The New Jersey Supreme Court on July 2 cleared the way for more lawyers to take on pro bono bankruptcy work, especially those from larger firms.
The court overturned an ethics opinion which found that lawyers who do pro bono work for Chapter 7 debtors without any assets have a conflict of interest if their firms happen to represent any of the debtor’s creditors, even in an entirely unrelated matter.

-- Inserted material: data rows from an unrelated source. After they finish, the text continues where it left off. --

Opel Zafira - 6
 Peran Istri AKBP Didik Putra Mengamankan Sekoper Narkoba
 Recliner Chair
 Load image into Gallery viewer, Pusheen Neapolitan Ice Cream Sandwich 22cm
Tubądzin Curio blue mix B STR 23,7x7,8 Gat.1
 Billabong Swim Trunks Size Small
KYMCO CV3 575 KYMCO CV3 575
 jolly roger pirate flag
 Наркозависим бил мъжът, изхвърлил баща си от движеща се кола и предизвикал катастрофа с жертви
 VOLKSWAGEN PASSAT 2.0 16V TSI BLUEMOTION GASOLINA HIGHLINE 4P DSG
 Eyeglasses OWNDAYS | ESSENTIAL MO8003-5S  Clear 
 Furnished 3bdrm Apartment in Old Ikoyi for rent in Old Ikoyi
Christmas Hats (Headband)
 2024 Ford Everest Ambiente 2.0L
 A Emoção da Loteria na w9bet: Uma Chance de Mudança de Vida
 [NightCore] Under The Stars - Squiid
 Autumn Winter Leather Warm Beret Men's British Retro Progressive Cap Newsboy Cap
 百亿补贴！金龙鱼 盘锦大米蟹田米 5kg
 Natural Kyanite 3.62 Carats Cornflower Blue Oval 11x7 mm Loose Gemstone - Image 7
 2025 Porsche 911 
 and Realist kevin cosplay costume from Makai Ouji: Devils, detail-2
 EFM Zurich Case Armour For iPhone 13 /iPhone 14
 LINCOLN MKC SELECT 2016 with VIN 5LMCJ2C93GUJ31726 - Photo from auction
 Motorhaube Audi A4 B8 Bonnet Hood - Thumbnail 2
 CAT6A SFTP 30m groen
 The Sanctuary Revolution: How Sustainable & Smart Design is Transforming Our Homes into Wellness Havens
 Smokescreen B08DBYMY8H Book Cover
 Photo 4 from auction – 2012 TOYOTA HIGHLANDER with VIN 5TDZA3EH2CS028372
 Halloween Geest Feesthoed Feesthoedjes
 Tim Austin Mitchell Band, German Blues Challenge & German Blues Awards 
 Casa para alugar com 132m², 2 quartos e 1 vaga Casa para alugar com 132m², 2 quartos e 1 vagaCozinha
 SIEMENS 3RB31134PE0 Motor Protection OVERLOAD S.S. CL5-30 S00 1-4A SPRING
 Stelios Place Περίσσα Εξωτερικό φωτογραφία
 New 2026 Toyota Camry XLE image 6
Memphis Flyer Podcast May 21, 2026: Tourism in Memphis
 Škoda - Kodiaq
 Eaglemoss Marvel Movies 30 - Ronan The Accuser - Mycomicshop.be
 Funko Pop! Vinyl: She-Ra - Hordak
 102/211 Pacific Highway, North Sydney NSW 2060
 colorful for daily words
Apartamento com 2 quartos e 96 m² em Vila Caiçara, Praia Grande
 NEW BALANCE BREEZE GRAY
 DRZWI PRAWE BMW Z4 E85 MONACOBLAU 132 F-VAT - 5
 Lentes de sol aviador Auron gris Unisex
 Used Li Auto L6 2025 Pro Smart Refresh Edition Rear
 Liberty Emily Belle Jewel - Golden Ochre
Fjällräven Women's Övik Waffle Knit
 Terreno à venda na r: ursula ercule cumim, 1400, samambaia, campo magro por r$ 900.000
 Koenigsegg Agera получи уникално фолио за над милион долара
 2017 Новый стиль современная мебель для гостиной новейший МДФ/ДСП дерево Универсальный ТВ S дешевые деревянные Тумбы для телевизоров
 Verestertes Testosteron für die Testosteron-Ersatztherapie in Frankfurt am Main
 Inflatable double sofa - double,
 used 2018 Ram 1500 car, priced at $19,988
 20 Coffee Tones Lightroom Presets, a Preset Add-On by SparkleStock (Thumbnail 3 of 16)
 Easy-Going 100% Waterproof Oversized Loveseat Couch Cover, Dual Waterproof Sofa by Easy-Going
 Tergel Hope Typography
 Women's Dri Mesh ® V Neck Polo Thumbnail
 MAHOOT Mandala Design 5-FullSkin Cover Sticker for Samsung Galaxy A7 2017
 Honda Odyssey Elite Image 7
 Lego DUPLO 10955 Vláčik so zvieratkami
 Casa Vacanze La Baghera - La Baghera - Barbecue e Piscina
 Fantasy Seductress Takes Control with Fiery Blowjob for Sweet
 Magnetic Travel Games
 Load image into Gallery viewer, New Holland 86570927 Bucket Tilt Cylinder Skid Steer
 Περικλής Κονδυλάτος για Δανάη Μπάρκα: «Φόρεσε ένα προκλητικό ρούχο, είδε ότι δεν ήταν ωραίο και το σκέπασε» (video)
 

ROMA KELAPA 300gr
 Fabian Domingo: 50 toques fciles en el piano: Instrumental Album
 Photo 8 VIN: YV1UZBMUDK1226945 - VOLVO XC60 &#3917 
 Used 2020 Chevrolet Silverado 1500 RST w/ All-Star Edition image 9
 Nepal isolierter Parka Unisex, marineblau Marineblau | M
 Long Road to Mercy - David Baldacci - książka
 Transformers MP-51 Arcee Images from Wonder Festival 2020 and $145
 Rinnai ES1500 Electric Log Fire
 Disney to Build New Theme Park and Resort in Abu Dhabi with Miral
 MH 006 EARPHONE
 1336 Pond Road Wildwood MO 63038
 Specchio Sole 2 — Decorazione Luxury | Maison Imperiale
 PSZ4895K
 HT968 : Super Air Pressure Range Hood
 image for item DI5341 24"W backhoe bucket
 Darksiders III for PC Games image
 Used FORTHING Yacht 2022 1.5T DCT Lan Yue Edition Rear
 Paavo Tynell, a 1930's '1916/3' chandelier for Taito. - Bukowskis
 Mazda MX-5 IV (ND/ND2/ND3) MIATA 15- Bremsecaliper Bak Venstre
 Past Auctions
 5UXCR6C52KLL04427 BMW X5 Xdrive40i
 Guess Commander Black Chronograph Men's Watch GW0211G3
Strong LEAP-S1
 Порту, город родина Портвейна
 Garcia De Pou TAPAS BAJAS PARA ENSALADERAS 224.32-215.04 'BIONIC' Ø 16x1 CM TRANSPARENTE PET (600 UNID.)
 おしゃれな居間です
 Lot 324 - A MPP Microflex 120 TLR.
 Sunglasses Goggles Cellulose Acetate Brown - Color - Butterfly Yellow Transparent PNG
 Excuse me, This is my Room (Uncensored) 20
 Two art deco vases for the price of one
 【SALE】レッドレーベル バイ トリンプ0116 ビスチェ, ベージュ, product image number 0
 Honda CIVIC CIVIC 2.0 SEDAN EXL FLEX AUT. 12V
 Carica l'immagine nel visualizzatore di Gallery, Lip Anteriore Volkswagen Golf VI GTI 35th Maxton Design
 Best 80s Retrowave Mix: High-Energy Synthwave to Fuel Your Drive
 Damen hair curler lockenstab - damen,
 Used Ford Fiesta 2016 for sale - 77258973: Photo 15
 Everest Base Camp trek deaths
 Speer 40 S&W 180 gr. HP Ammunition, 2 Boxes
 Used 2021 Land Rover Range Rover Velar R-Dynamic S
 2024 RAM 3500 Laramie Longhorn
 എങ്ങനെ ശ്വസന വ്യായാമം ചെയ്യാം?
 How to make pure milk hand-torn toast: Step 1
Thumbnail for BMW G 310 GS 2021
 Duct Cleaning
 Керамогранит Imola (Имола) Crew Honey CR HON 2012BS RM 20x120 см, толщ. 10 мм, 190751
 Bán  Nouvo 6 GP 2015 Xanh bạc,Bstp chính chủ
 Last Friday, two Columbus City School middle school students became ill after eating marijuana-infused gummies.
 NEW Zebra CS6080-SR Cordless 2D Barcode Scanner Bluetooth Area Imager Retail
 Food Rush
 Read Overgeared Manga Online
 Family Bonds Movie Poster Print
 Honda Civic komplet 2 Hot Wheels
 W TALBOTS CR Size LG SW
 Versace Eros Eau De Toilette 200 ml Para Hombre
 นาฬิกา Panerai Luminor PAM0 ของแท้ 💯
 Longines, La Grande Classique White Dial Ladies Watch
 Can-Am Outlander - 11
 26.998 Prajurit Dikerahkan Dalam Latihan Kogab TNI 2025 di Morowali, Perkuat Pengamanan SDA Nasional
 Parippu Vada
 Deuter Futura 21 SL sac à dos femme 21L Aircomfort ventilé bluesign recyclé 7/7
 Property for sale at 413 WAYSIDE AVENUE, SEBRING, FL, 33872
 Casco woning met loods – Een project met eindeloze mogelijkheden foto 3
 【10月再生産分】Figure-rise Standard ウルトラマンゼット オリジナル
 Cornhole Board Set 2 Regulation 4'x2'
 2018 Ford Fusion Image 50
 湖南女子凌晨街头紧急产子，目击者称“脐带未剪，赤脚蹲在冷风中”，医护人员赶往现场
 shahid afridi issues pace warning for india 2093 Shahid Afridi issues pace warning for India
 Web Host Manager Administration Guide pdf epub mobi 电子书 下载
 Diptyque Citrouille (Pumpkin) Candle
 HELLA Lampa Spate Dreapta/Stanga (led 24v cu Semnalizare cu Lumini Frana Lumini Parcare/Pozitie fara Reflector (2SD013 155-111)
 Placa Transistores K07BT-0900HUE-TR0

Volunteer Lawyers for Justice (VLJ), a Newark-based pro bono organization, challenged the opinion because the requirement for a conflict waiver was deterring lawyers who wanted to participate, especially those from large law firms that represent large institutional creditors such as banks, phone companies and utilities, to whom the low-income debtors it served often owe money.
The New Jersey state bar association also argued as an amicus for reversal, along with the Pro Bono Institute and clinics at Rutgers-Newark and Rutgers-Camden law schools.
The court has now concluded that there is no conflict and that “this valuable pro bono effort can continue to operate with appropriate safeguards.”
The state bar’s lawyer, Susan Feeney of McCarter & English in Newark, called the court’s decision “critical in helping us mobilize the private bar to take on more work.” If the ACPE opinion stood, “many lawyers would not do the work and others who tried to get the waiver might run into roadblocks.”